In which Curious George buildeth a cyborg

Many of the events that transpire around Curious George seem bafflingly random, that is, until a cunning and insidious master plan is revealed. George does not evolve—he is being crafted. It is known.

What say you, Polonius?

Though this be madness, yet there is method in ’t.

What say you, Gloucester?

As flies to wanton boys are we to th’ gods.

They kill us for their sport.

What say you, Alyssa Edwards?

Get a grip, get a life, and get over it.

Alas, mama, if only I could. But I must know what George will become, and why Wiseman is building him. Yorbo was just the beginning.

The very next episode starts with that guy from Jurassic Park III telling us that Curious George loves the museum. Thanks, Academy-Award-winning shoveler. Sky is blue, water is wet, the monkey loves the museum.

Half the episodes involve the f*cking museum. It’s like saying Peter Parker loves science. Gee I wonder if Spider-Man is gonna have to fight some guy who did science. Will he himself do science to stop the science-doing guy? Bated dadgum breath I tells ya.

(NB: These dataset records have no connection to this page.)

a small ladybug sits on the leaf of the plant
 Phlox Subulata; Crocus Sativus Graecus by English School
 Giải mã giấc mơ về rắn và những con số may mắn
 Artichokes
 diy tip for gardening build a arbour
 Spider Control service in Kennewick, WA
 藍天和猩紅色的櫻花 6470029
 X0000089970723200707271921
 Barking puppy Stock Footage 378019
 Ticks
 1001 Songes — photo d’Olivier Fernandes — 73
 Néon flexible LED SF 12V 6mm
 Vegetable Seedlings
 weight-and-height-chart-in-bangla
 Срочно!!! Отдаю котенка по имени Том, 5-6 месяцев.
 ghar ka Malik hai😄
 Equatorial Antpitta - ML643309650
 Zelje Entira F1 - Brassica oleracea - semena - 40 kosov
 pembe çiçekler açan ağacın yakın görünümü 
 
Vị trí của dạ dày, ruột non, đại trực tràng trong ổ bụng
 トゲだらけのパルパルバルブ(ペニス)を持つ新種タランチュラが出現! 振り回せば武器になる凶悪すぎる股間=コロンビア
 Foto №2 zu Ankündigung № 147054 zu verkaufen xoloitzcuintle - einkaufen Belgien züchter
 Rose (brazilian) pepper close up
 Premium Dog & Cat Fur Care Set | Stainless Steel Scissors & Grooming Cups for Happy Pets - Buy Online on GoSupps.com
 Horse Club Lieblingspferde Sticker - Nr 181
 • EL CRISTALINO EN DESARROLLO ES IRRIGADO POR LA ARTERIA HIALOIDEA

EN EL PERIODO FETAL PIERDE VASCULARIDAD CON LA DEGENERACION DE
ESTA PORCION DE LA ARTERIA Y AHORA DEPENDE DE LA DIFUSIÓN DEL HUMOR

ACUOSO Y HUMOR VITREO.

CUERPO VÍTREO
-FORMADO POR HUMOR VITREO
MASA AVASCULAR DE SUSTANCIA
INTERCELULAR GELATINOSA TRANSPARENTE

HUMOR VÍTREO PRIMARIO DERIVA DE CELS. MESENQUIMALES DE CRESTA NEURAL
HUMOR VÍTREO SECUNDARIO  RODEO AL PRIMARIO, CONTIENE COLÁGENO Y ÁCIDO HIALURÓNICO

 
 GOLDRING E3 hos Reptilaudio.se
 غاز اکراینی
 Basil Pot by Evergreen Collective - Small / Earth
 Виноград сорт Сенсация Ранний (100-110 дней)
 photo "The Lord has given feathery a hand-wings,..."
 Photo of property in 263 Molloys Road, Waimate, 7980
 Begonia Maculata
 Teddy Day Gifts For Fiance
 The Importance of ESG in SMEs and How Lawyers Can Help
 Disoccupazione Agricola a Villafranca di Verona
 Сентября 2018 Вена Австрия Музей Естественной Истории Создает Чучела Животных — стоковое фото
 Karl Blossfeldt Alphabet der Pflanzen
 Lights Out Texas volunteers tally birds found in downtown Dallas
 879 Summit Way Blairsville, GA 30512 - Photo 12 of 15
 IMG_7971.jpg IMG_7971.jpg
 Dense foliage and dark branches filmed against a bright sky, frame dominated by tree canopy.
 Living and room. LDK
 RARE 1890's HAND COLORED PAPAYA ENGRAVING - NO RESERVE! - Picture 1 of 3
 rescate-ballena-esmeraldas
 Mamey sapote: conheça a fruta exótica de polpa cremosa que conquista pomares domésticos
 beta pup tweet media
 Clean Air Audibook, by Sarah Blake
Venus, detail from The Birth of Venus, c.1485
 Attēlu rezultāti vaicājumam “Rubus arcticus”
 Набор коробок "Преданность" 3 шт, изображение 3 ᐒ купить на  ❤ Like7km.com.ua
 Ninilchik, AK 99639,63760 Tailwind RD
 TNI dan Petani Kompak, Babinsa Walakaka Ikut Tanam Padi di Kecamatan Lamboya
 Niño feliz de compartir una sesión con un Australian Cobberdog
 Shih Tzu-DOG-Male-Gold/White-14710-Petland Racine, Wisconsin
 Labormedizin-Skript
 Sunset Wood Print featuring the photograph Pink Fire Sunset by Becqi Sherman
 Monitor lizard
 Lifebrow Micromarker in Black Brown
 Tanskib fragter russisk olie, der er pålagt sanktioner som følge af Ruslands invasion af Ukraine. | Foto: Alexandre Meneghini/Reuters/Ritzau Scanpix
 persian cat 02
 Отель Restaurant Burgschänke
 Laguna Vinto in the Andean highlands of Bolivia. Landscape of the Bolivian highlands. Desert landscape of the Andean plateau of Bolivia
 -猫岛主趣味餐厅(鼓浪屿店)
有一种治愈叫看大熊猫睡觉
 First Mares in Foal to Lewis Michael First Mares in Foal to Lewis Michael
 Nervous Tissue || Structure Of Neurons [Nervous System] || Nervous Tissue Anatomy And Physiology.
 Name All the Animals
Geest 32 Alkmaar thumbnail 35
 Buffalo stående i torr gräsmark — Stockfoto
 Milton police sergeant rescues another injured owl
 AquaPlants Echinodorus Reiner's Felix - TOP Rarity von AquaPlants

But George learns lessons in the museum. Museum lessons? Sometimes, but it’s always serving some sort of future plot-point. He saw polar bears. He saw penguins. He saw vending machines.

seethemonkey ain’thekeen allthingsserve thef*ckinbeam

Penguins and polar bears frolicking together is as ubiquitous in advertising as anthropomorphic pigs smiling and serving us their barbecued brethren. Thus, it is necessary to repeat, as often as necessary, that in real life

isthisreallife

in real life penguins and polar bears never meet. They live on opposite ends of the Earth. Ground-based predators would make penguins go extinct. But Curious George knows this. In fact, he is more interested in the museum’s vending machines.

As am I. They are weird. Not one of them dispenses a carbonated beverage or a candy bar. They dispense soup, sandwiches, and apples. Never in my life have I seen an apple vending machine. The very idea is obscene and erroneous. They would rot or get stuck in the gears or come out all nasty. Just dadgum ridiculous. George imagines that the apple-dispensing machine has a farmer in it that sleeps until he is called upon to throw an apple down a pipe.

no

Professor Wiseman appears out of nowhere and sets her plan in motion. The Watcher knows. She knows what will transpire. She has already glued together polar bears, penguins and vending machines. She is playing 4D chess while the rest of us are playing checkers with rocks and bottlecaps. She tells George to have an apple, hands him a coin and says “on me!”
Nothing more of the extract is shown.